Violences éducatives ordinaires : ne nous taisons plus ! Par Julie Marty-Pichon

EJE, professeur des écoles

Petit garçon avec masque
Pendant ces vacances, je déjeune avec mes amies professeures des écoles stagiaires comme moi et avec qui j’ai préparé le concours une année auparavant.
Ce déjeuner, rare, est l’occasion d’échanger sur nos parcours respectifs au sein de nos classes, de l’institution et de l’INSPE. Elles sont toutes en élémentaire. Au détour de la conversation, je demande comment cela se passe avec le port du masque pour elles et les enfants. Elles m’avouent ne plus le supporter, comme moi et qu’elles sont témoins de situations inacceptables tout en m’expliquant qu’elles ne peuvent rien faire. En les écoutant je sais au fond de moi que cela peut exister mais je n’en reviens pas que cela puisse vraiment exister ! La situation est la suivante : les élèves sont punis régulièrement de récréation car ils ne portent pas le masque correctement en extérieur. Oui, oui, c’est bien de cela que l’on parle.
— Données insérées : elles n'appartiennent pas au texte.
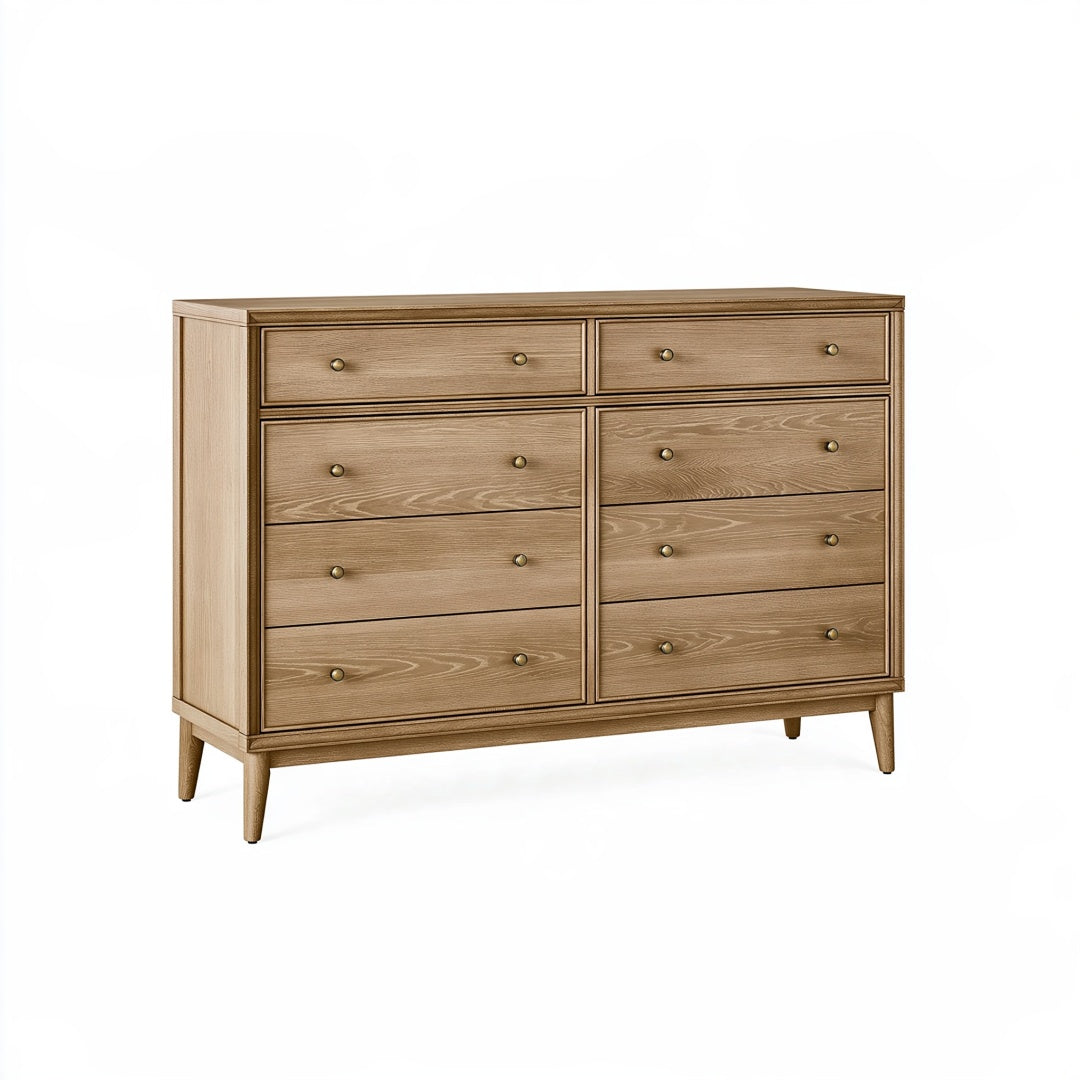 Cassettiera in legno marrone Ulmordiq, stile moderno con 8 cassetti, dimensioni 160x45x90 cm, design elegante e funzionale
Je ne vais pas lancer le débat du pour ou contre le port du masque, là n’est pas le propos de ma chronique.

Je voudrais surtout réfléchir à comment en tant qu’adulte qui plus est qui enseigne à des enfants, on en arrive à ce type de situation professionnelle qui relève des violences éducatives ordinaires auprès des enfants. Je dirai même de violences tout court.
Qu’est-ce qui fait que des professionnels de l’enfance, titulaires ou non, cautionnent et ne remettent pas en question ces pratiques ?
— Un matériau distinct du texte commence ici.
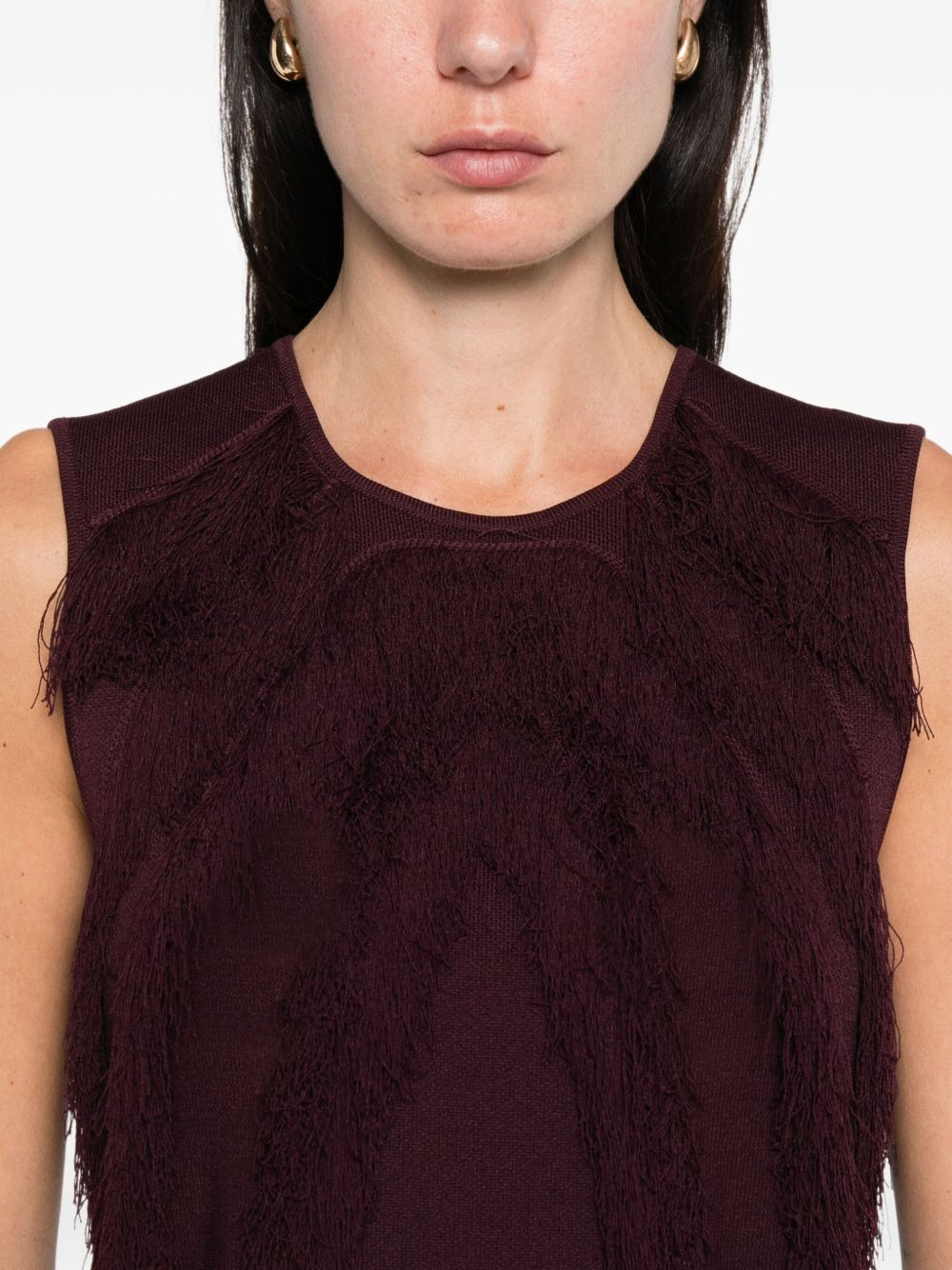 fringe sleeveless top - 5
J’ai l’impression de revivre mes années de stage EJE. J’étais alors en stage pendant trois mois en IME avec des enfants âgés de 6 à 12 ans. J’ai assisté à de nombreux comportements maltraitants des professionnelles (gifles et fessées principalement). Et je n’ai rien fait… Je n’ai pas discuté avec ma tutrice de stage (elle-même maltraitante), je n’ai pas alerté la direction, j’ai juste tenté de réconforter les enfants. Pourquoi ? Parce que j’étais STAGIAIRE et que j’avais peur des représailles (non validation du stage, mauvais appréciation etc.). Depuis ce jour de 2009, je me suis juré que ça n’arriverait plus.
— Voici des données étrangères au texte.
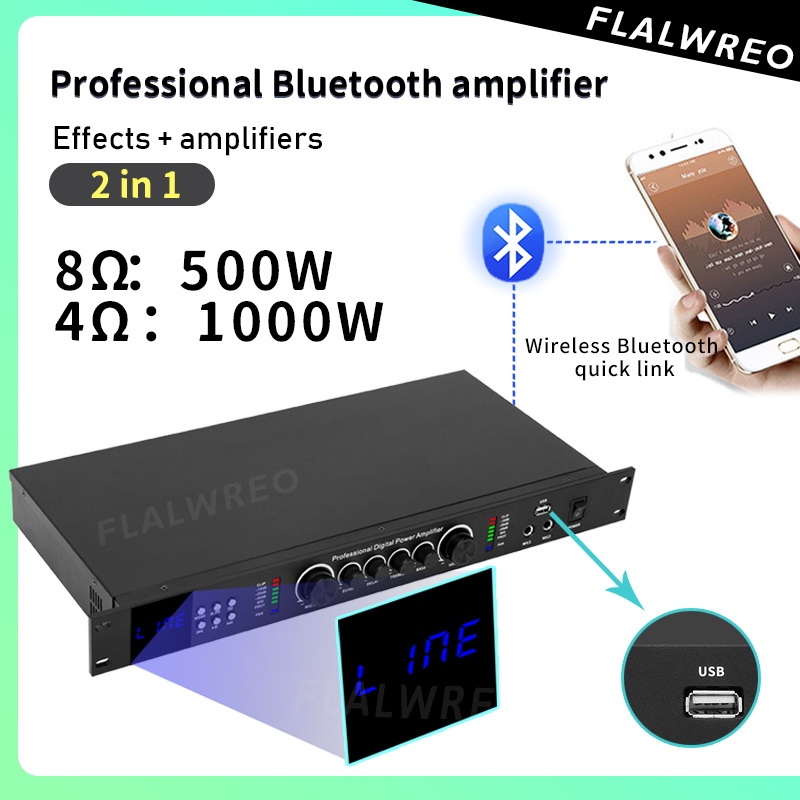 【24 hours delivery】Bluetooth reverb professional audio processor preamplifier, karaoke home stage ka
Ces situations révèlent plusieurs problématiques : le travail en équipe n’est pas évident dans une école (pas d’espace pour discuter des sujets de fond, pas de formation sur ce que c’est de coordonner une équipe sans lien hiérarchique), aucun cours à l’INSPE(en tout cas à ce jour) sur les droits des enfants ou la bien-traitance (bon là je pousse, d’accord !), la liberté pédagogique peut favoriser ces pratiques (après tout « je fais ce que je veux avec mes élèves ! »), des professionnels qui se protègent, se rassurent face à l’institution (j’applique le protocole à la lettre, je sanctionne, on ne pourra pas venir me trouver si cet enfant est positif au COVID), des enseignants-stagiaires qui craignent pour leur titularisation, des enseignants titulaires qui ne veulent surtout pas voir pour éviter les soucis (j’ai assez à faire avec ma classe, je ne vais pas en plus m’occuper des autres)…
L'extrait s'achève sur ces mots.